Cezaevi aracına bindiği saatten ineceği dakikaya kadar verdiği kararı sorgulamaya başladı. Neresinden bakarsa baksın en doğru şeyi yaptığını düşünüyordu. Başka bir yolu, çaresi yoktu. Sevdiği kızı korumak için en doğru kararı vermişti.

Olayın olduğu gece…

“Seninle biraz konuşalım genç adam.” Dedi Bay Han Gu Yeng. Il Sang’ın koluna girip yerden kaldırdı ve masanın yanına götürüp sandalyeye oturduktan sonra konuşmaya başladı. “Biliyorum, bu gece burada olanlar aklının, mantığının alamayacağı kadar zor ve acı olaylar. Oğlumu şurada ellerimle boğup öldürsem bile onun yaptığı bu pisliğin kefaretini ödeyemem. Ama yine de o benim biricik oğlum. Tek evladım. Ve onun göz göre göre hapse girmesine izin veremem.” Il Sang karşısında oturan yaşlı adamın yüzüne alaycı bir ifadeyle bakıp “Ama hapse girecek ve burada yaptığı tüm rezaleti de herkes öğrenecek.” Deyince yaşlı adam yüzünde ki o merhamet ve üzüntü dolu ifadeyi anında değiştirip daha sert bir ifade takındıktan sonra konuşmasına kaldığı yerden devam etti. “Haklısın. Bunun cezasını ödemeli. Ama dediğim gibi o benim tek oğlum. Ben de isterim hapse girip bu yaptıklarının cezasını çekip ıslah olmasını. Ama eğer o, böyle bir suçtan dolayı içeri girerse tek mahvolan kendisi olmaz. O ve bugüne kadar tırnaklarımla bir yerlere getirdiğim bu şirkette yok olur. Ticari itibarım, gelecek için olan yatırımlarım, iş ortaklıklarım hepsi, hepsi bir gece de tuzla buz olur. O nedenle senden bir iyilik isteyeceğim.” Il Sang yerde yatan Dang Yul’a çevirdiği bakışlarını tekrardan Han Gu Yen’e yöneltip “İstediğiniz şeyi asla yapmam. Oğlunuz cezasını çekecek. Ve bunu kendi gözlerimle göreceğim.” Deyip ayağa kalkmaya çalıştı. Ama karşısında ki yaşlı adamın konuşması henüz bitmemişti. Il Sang’ın koluna uzanıp onu az önce kalktığı sandalyeye tekrardan oturtup devam etti.
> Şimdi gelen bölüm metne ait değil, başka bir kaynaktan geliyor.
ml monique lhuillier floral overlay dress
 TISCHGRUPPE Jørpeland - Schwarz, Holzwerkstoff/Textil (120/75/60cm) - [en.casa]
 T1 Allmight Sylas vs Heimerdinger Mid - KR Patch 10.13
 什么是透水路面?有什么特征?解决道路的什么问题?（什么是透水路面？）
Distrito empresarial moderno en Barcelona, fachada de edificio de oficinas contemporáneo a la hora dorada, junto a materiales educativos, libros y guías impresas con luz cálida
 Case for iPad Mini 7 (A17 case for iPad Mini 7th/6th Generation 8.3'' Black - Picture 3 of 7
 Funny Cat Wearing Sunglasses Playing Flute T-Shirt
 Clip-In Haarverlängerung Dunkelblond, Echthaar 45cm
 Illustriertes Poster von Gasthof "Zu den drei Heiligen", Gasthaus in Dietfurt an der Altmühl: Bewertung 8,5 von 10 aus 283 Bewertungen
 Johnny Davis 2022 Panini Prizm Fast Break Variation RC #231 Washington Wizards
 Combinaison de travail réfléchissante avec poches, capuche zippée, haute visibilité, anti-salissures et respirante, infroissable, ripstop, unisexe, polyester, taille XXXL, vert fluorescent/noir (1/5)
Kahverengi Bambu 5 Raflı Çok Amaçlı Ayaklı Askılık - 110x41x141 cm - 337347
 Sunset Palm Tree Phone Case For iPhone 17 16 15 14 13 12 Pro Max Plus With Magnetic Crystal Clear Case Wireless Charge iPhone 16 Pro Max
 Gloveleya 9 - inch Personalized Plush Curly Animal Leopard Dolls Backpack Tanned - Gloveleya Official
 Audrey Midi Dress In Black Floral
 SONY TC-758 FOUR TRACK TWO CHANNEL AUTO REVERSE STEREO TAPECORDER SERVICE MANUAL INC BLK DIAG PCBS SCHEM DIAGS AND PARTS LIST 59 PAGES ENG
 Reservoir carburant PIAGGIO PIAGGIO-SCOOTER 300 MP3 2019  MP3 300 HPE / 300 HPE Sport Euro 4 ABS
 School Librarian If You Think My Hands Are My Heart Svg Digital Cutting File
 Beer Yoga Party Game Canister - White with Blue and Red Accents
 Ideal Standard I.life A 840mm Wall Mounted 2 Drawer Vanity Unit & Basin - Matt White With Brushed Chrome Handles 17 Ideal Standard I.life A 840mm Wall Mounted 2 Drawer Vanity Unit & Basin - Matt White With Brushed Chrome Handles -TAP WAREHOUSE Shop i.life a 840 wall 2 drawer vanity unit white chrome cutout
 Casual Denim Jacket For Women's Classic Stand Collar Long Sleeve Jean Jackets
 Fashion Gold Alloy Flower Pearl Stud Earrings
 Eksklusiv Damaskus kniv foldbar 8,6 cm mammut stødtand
“Senden istediğim şey bu cinayeti üstüne alman.” Il Sang fal taşı gibi açılmış gözlerle adama bakarken “Siz delirmiş olmalısınız.” Dese de adam konuşmasına devam etti. “Eğer oğlum hapse girerse benim kaybedeceklerim seninkilerden çok daha fazla. Ama sen suçu alır ve hapse girersen hem orada rahat etmeni sağlarım, hem de çıktıktan sonra ki hayatın için banka da hatırı sayılır bir para seni bekliyor olur. Üstelik…” Il Sang daha da sinirlenmişti. “Senden para falan isteyen yok. Oğlun yaptığının bedelini ödeyecek.” Yaşlı adam ise karşısında inatla aynı şeyleri söylemeye devam eden Il Sang’ı ikna etmek adına elinde ki son kuzu oynamaya karar verdi. “Nasıl ispatlayacaksın?” “Neyi nasıl ispatlayacağım? Her şey ortada. O züppe oğlunuz bundan kaçamaz.” Adam daha da katı bir ifade ile “Ortada olan hiçbir şey yok. Sadece senin bekçilik yaptığın inşaatta ustabaşın ölü bulunuyor. Senin gibi birinin lafına kim inanır Il Sang? Şu an itibariyle bütün deliller ortadan kaldırıldı. O bar kızlarına güveniyorsan emin ol ki bir daha bu geceyi kendi akıllarına bile getiremezler. Hem üstelik diyelim ki benim oğlum hapse girdi. Bu adamın ailesine sen mi bakacaksın? Bu ülke üzerinde ki hiçbir yerde iş bulamazsın. Zavallı kızı da okulunu bırakmak zorunda kalır. Belki de buraya gelen o kızlar gibi bir barda çalışmaya başlar. Ama eğer bu suçu üstüne sen alırsan onların bütün hayatları boyunca tüm ihtiyaçlarını ben karşılarım. Hiçbir şeyleri eksik olmaz.” Yaşlı adam oturduğu sandalyeye sırtını iyice yasladıktan sonra karşısında telaşlı gözlerle bakışlarını ustabaşının üstünden ayırmayan Il Sang’ı süzmeye başladı.